Errand into the Republic


A Republic of Righteousness: The Public Christianity of the Post-Revolutionary New England Clergy. By JONATHAN D. SASSI. Religion in America. (New York: Oxford University Press, 2001 . Pp. viii, 298. $ 49.95 .)

Reviewed by David W. Kling, University of Miami

     Informed by the typological categories proposed by H. Richard Niebuhr in his classic work Christ and Culture (New York, 1951), Jonathan Sassi argues that between 1783 and 1833 the New England Congregational clergy moved from a "Christ above culture" model to a "Christ the transformer of culture" model. Amid social, political, and religious upheavals, the clergy abandoned the centuries-old model of Christendom, with its church-state establishment, for a new model of voluntary action. A new conception of the relationship between church and state emerged: the church rather than the state became the primary source of societal renewal. The clergy remained convinced of God's direct rule throughout these "rather remarkable . . . creative adaptations" (p. 143), but as they witnessed an outpouring of revivals, they adapted their social vision to reflect current realities. 1
     Sassi is less interested in how these developments worked themselves out at a practical level than in their theoretical underpinnings—in what he calls the Congregationalist ministers' "public Christianity." This public side expressed the clergy's social vision of the good (or godly) society. Communicated through such occasional discourses as election- and fast-day sermons, century sermons, orations, and polemical treatises, a "vibrant and upbeat" (p. 20) public Christianity later "became the engine of reform and missions in the antebellum period" (p. 18). His argument falls between two historiographical traditions.
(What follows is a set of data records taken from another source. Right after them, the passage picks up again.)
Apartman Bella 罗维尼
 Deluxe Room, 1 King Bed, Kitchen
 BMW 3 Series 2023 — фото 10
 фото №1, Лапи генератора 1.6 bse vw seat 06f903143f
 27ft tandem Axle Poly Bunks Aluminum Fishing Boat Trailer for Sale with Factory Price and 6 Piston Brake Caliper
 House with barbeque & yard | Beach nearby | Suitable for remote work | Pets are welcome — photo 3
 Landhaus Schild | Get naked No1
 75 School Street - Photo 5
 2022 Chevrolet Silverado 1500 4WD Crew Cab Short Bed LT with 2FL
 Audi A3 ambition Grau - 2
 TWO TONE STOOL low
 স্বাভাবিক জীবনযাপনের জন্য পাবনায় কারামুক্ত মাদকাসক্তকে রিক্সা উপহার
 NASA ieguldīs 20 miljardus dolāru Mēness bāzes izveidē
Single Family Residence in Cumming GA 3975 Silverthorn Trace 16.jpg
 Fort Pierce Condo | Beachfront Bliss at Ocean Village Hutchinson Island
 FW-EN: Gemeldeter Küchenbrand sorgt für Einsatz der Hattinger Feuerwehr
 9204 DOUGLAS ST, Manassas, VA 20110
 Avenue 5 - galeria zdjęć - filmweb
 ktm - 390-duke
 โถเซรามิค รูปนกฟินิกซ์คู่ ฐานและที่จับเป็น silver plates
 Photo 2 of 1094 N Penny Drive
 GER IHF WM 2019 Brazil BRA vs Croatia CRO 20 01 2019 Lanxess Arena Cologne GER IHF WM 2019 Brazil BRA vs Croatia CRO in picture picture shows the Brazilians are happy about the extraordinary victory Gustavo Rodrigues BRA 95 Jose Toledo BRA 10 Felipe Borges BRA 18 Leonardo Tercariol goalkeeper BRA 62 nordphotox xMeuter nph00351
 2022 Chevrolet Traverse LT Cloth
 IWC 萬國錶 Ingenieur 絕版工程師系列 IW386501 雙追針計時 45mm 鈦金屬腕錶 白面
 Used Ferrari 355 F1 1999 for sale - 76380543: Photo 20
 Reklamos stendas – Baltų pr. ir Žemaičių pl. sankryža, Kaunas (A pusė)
One contends that the clergy were little more than rabid Federalists bent on maintaining their privileged status through the force of a state establishment. The other minimizes the clergy's direct political involvement and emphasizes their primary calling as ambassadors of the Gospel. Falling between these extremes, New England's Congregational clergy were neither indifferent to the politics of the day (they "entered the political controversies of the first party period with a vengeance" [p. 88]) nor ruled by self-interest. Rather than abandoning the social order when threatened by the defeat of the establishment, they creatively responded to their circumstances and by around 1810—"the pivotal years" (p. 131)—espoused "a distinctively New England variant of public Christianity" (p. 11). . . .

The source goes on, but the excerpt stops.